What are the different use cases of joblib versus pickle?

msunbot picture msunbot · Sep 27, 2012 · Viewed 36k times · Source

Background: I'm just getting started with scikit-learn, and read at the bottom of the page about joblib, versus pickle.

it may be more interesting to use joblib’s replacement of pickle (joblib.dump & joblib.load), which is more efficient on big data, but can only pickle to the disk and not to a string

I read this Q&A on Pickle, Common use-cases for pickle in Python and wonder if the community here can share the differences between joblib and pickle? When should one use one over another?

Answer

ogrisel picture ogrisel · Sep 27, 2012
  • joblib is usually significantly faster on large numpy arrays because it has a special handling for the array buffers of the numpy datastructure. To find about the implementation details you can have a look at the source code.
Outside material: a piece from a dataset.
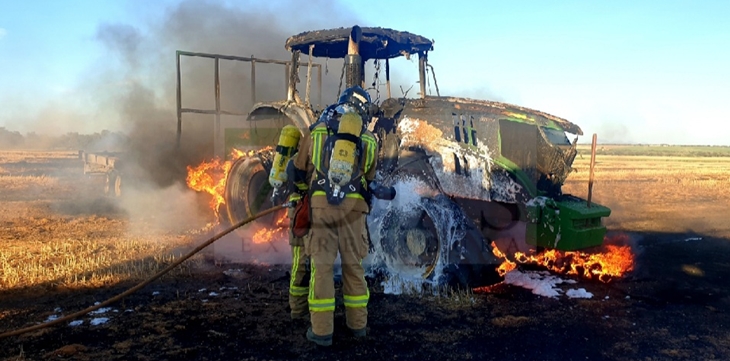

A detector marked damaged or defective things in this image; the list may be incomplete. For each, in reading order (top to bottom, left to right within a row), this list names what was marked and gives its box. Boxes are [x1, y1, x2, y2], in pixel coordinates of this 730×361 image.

It can also compress that data on the fly while pickling using zlib or lz4.
  • joblib also makes it possible to memory map the data buffer of an uncompressed joblib-pickled numpy array when loading it which makes it possible to share memory between processes.
  • if you don't pickle large numpy arrays, then regular pickle can be significantly faster, especially on large collections of small python objects (e.g. a large dict of str objects) because the pickle module of the standard library is implemented in C while joblib is pure python.
  • since PEP 574 (Pickle protocol 5) has been merged in Python 3.8, it is now much more efficient (memory-wise and cpu-wise) to pickle large numpy arrays using the standard library. Large arrays in this context means 4GB or more.
  • But joblib can still be useful with Python 3.8 to load objects that have nested numpy arrays in memory mapped mode with mmap_mode="r".